Important: not all categories of employees have the right to suspend work due to non-payment of wages. In accordance with Article 142 of the Labor Code of the Russian Federation, this is prohibited:

  • civil servants;
  • employees whose job responsibilities ensure people's livelihoods (gas, electricity, water, heat supply, ambulance and emergency medical care, etc.);
  • employees employed in particularly hazardous industries.

Going to court

Court proceedings are a fairly lengthy procedure, so it is better to combine filing a statement of claim with suspension of work. But first it’s worth finding out some nuances that are important for the outcome of the case:

  1. Has the salary been accrued? For cases where there are no disputes about the existence of a salary debt, as well as its amount, a simplified procedure for proceedings is provided. That is, writs of execution can be issued almost immediately.
  2. Is the non-payment of wages related to the withholding of part of it (especially relevant for partial delays). Maximum size deductions cannot exceed 50% of the total salary. In addition, in accordance with Article 137 of the Labor Code of the Russian Federation, deductions are made exclusively in the following cases:
  • return of overpaid advance for travel expenses;
  • return of overpaid amounts due to calculation errors;
  • upon dismissal - upon payment of actual wages days not worked(except for dismissal due to staff reduction, change of owner or liquidation of the enterprise, conscription into the army, health status).

In addition, deductions can be made on the basis of a writ of execution received by the employer.
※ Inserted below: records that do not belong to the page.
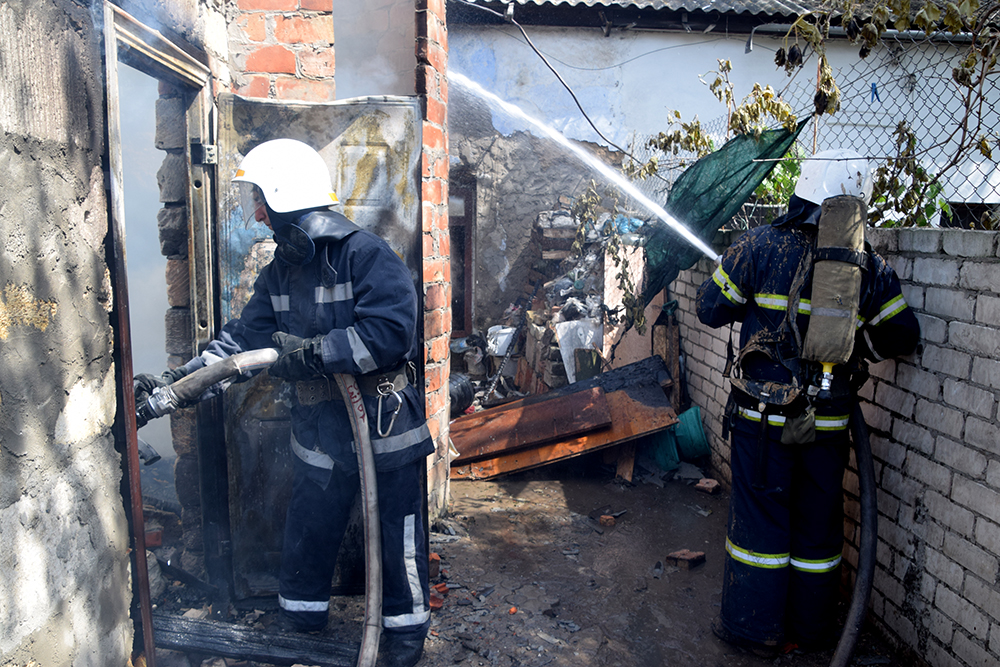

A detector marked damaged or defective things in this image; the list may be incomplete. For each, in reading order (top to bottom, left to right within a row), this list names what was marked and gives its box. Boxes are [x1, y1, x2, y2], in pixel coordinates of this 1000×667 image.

charred door frame [102, 3, 214, 664]
burnt wooden board [452, 386, 608, 464]
charred wooden plank [452, 386, 608, 464]
burnt wooden board [452, 384, 680, 482]
charred wooden plank [452, 386, 680, 480]
burnt wooden board [150, 612, 358, 664]
charred wooden plank [154, 612, 358, 667]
Overpaid wages are not subject to return (except for cases where the employee’s guilt in committing unlawful actions is established in court).

Wages not paid upon dismissal: what to do

In accordance with Article 140 of the Labor Code of the Russian Federation, wages and other amounts of money due to the employee must be paid directly on the day of dismissal.

Payments due

The employer is obliged to fully pay the employee upon dismissal:

  • wages for all actually worked days of the previous month (as well as pay off wage arrears, if any);
  • annual payment (13th salary), if provided for by a collective agreement, bonus regulations or other local act of the enterprise - in proportion to the time worked during the year preceding dismissal;
  • compensation for unused vacations.

In addition, in accordance with Article 178 of the Labor Code of the Russian Federation, in the event of dismissal due to staff reduction or liquidation of the organization, the employee has the right to receive:

  • severance pay in the amount of average monthly earnings;
  • benefits for the period of employment - also in the amount of average monthly earnings (after 2 months after dismissal).

IMPORTANT! If an employee is registered as unemployed within 14 days from the date of dismissal (contacted the employment center), but was not employed, the benefit for the period of employment is paid within 3 months.

If the employer fails to provide all payments due, the dismissed employee has the right to take the same actions as an existing employee in the event of non-payment of wages.

However, before going to court or the prosecutor's office with a complaint against the actions of the employer, it is necessary to submit a claim to the latter demanding payment of all due amounts of money in full. Otherwise, there is a possibility of losing part of the payments if the employer claims that the employee himself did not appear to receive the payment.